All of this led to a settlement agreement between the three gas distributors and TransCanada crafted during the OEB fight. The settlement agreement includes capacity builds by each of Union, Enbridge, and TransCanada in the east, with a resultant decline in long-haul revenues being picked up by short-haul shippers including primarily Union, Enbridge, and Gas Métro. The settlement was then filed with the OEB in support of the Union and Enbridge projects and subsequently brought to the National Energy Board for approval of the resulting new tolls.

Under the settlement agreement, the tolls were even higher than TransCanada had proposed in the Review and Variance Application that the NEB had rejected. In addition, TransCanada received additional revenue recovery protection from a “bridging contribution” by shippers for revenue shortfall.

Finally the settlement agreements established a new rate of return on equity at 10.1 per cent. The March 27, 2013 decision had set the ROE at 11.5 per cent to recognize the increased risk that TransCanada faced.
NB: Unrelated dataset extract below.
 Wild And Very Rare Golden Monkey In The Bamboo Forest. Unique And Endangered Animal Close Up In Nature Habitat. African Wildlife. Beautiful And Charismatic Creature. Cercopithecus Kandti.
Previously that ROE had been 8.07 per cent.

On November 20, 2014 the NEB approved the Mainline settlement. Rates for 2015 to 2020 were increased substantially. Long-haul tolls increased from those approved in the original decision by 18 per cent. Short haul rates increased by 52 per cent.

The original National Energy Board decision on the Mainline restructuring in March 2013 had set the rate between Empress to Dawn at $1.42. Under the terms of settlement, that rate became $1.68. In effect the litigation between the parties before the National Energy Board, the Ontario Energy Board and the Ontario Superior Court had essentially reversed the original Mainline decision.

The Settlement Decision certainly casts some doubt on the principle advanced by the Board in the original decision that the risk of stranded asset costs was to be borne by the utility, not the customer. In the end it was the customers that bore the risk. The customers had no choice. TransCanada used the hammer that the Board had given it when the Board declared that TransCanada had no duty to serve. Relying on that principle, TransCanada withdrew planned facility expansions. For a short time the customers considered building the capacity themselves. But it became clear that was going to involve long and expensive litigation. Union, Enbridge, and Gas Métro decided to settle.

The New Ontario Quebec Alliance

Quebec and Ontario are in the process of developing important agreements regarding electricity trading and energy policy. Currently both governments and their energy regulators are involved in finalizing an electricity trade. The basic understanding is that Ontario will be allowed to borrow 500 MW of electricity from Quebec in the winter. In return Quebec can borrow 500 MW from Ontario during the summer. The Ontario amount cannot exceed the amount that Quebec borrows from Ontario. No money changes hands.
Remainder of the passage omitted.